On 6/20/2022 5:56 AM, Richard Biener via Gcc-patches wrote:
Note one option would be to emit a multiply with { 1, -1, 1, -1 } on
GIMPLE where then targets could opt-in to handle this via a DFmode
negate via a combine pattern? Not sure if this can be even done
starting from the vec-perm RTL IL.
FWIW, FP multiply is the same cost as FP add/sub on our target.
I fear whether (neg:V2DF (subreg:V2DF (reg:V4SF))) is a good idea
will heavily depend on the target CPU (not only the ISA). For RISC-V
for example I think the DF lanes do not overlap with two SF lanes
(so same with gcn I think).
Absolutely. I've regularly seen introduction of subregs like that
ultimately result in the SUBREG_REG object getting dumped into memory
rather than be allocated into a register. It could well be a problem
with our port, I haven't started chasing it down yet.
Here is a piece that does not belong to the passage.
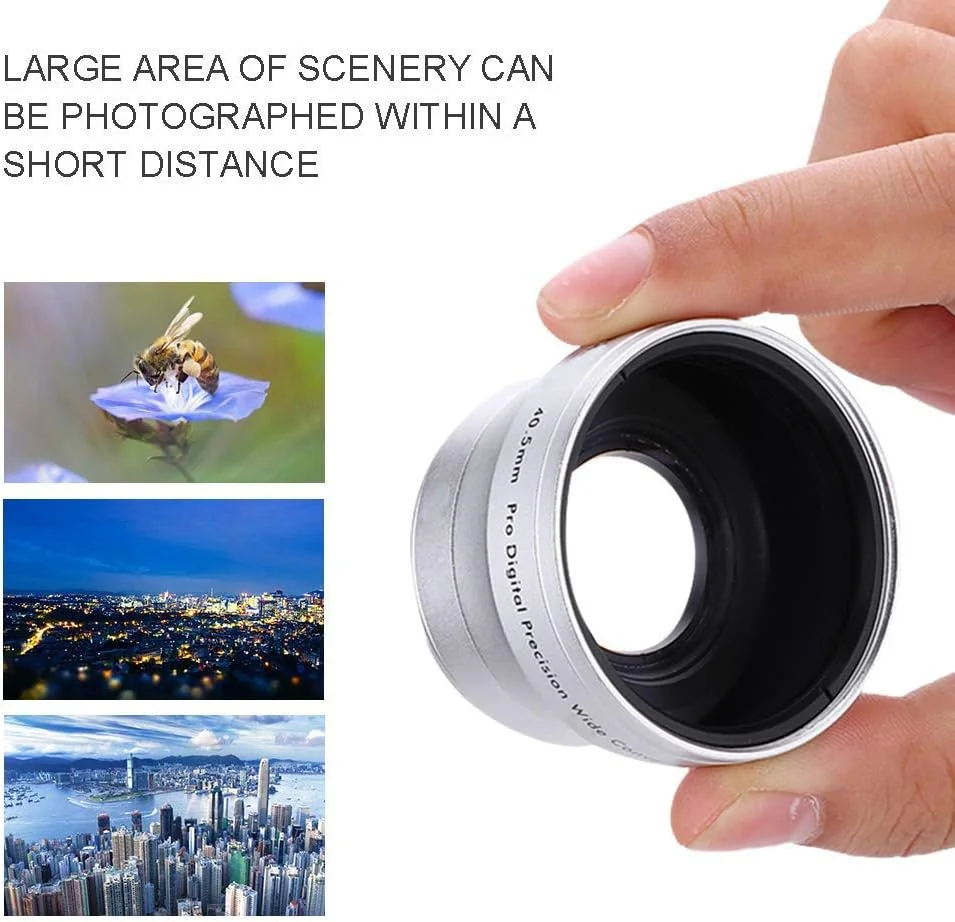 لنز واید 0.45X 40.5 میلیمتری جایگزین لنز دوربین DSLR (نقرهای) لنز واید 0.45X 40.5 میلیمتری جایگزین لنز دوربین DSLR (نقرهای)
One such case where that came up recently was the addition of something
like this to simplify-rtx. Basically in some cases we can turn a
VEC_SELECT into a SUBREG, so I had this little hack in simplify-rtx that
I was playing with:
+ /* If we have a VEC_SELECT of a SUBREG try to change the SUBREG so
+ that we eliminate the VEC_SELECT. */
+ if (GET_CODE (op0) == SUBREG
+ && subreg_lowpart_p (op0)
+ && VECTOR_MODE_P (GET_MODE (op0))
+ && GET_MODE_INNER (GET_MODE (op0)) == mode
+ && XVECLEN (trueop1, 0) == 1
+ && CONST_INT_P (XVECEXP (trueop1, 0, 0)))
+ {
+ return simplify_gen_subreg (mode, SUBREG_REG (op0), GET_MODE
(SUBREG_REG (op0)), INTVAL (XVECEXP (trueop1, 0, 0)) * 8);
+ }
Seemed like a no-brainer win, but in reality it made things worse pretty
consistently.
jeff